(Entries taken from a collection)
#####

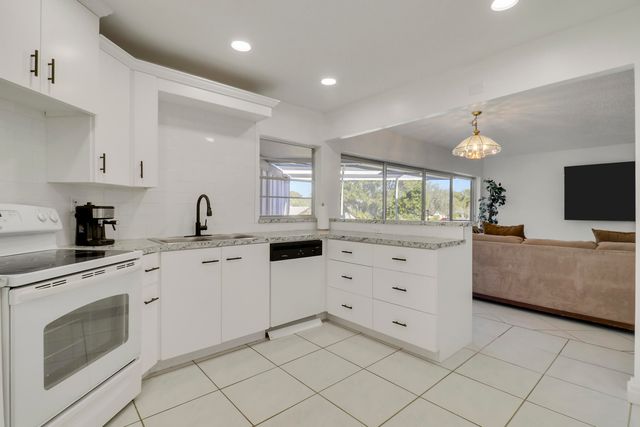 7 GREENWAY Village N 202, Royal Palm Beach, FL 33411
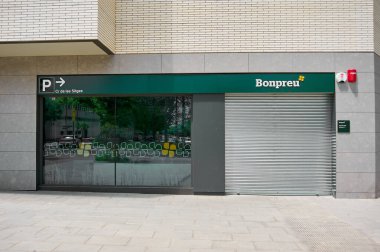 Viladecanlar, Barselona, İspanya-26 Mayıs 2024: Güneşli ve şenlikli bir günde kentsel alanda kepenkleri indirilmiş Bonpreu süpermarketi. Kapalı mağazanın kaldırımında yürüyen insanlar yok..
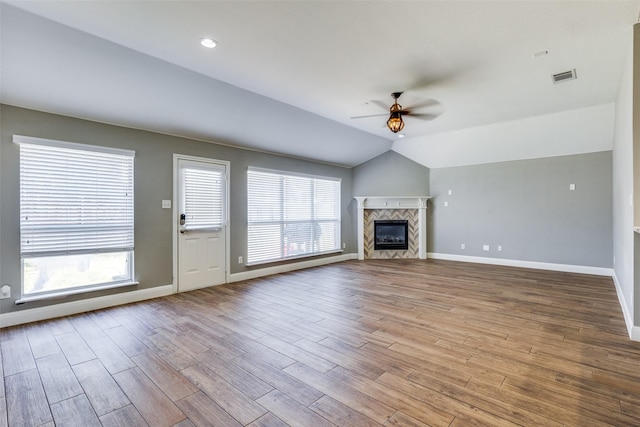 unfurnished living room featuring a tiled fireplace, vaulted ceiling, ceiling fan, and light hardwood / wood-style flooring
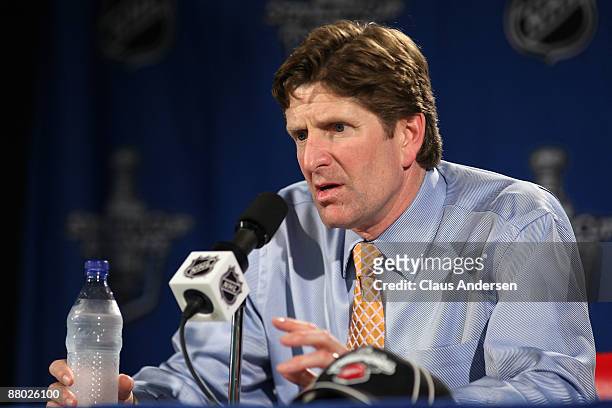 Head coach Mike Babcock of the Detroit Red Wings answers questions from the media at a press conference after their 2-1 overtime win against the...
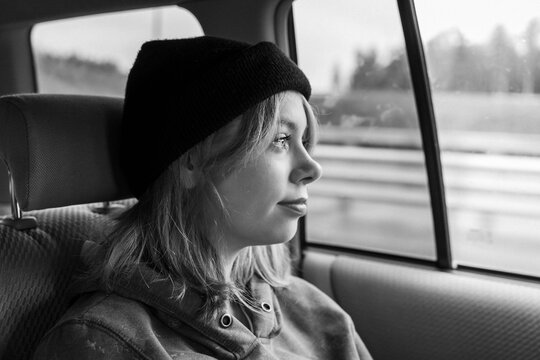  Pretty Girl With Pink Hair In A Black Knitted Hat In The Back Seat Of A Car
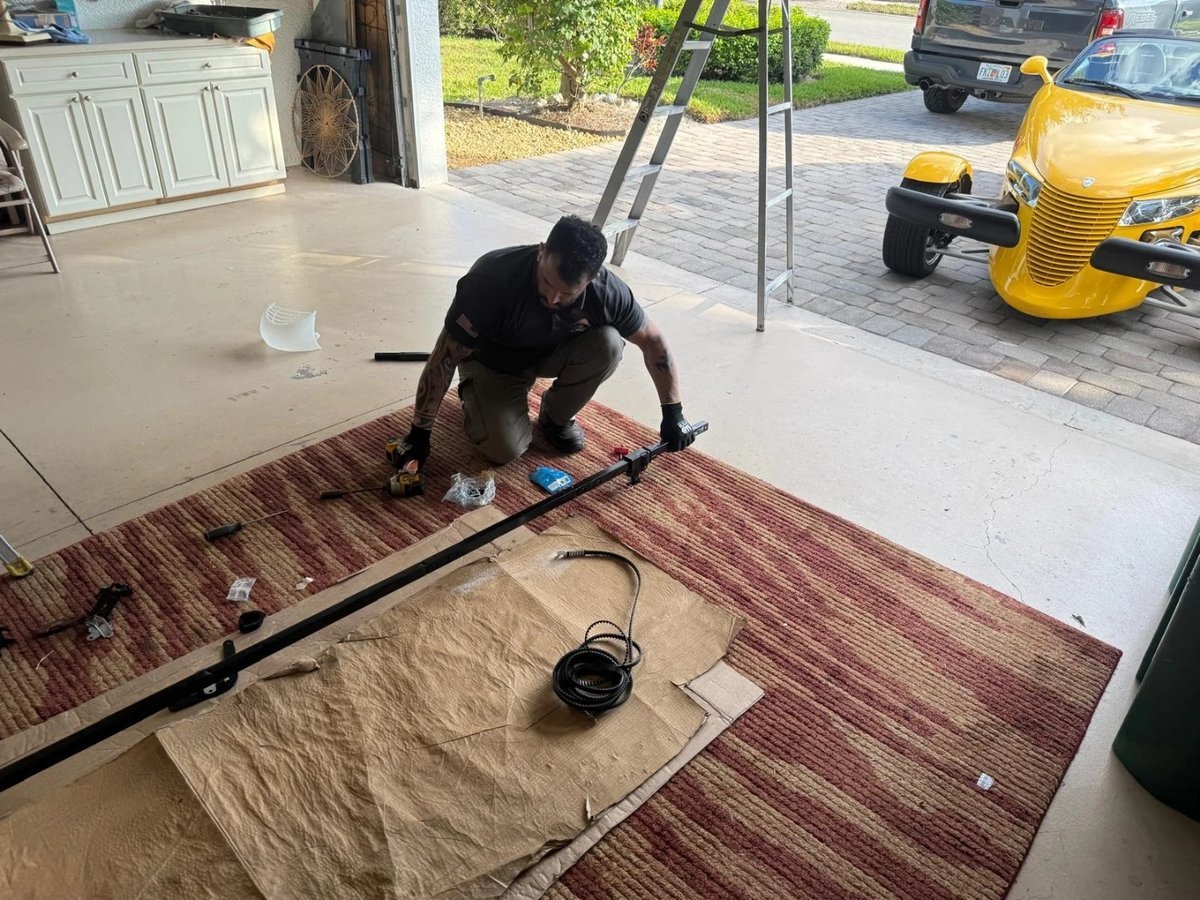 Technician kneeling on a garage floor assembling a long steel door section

#####

• **Task**
Reproduce the final stretch of lines exactly: the line containing "Pretty Girl With" through the last line of the data, both included. Pictures do not belong in the copy.

• **Response to this task**
  Pretty Girl With Pink Hair In A Black Knitted Hat In The Back Seat Of A Car
 Technician kneeling on a garage floor assembling a long steel door section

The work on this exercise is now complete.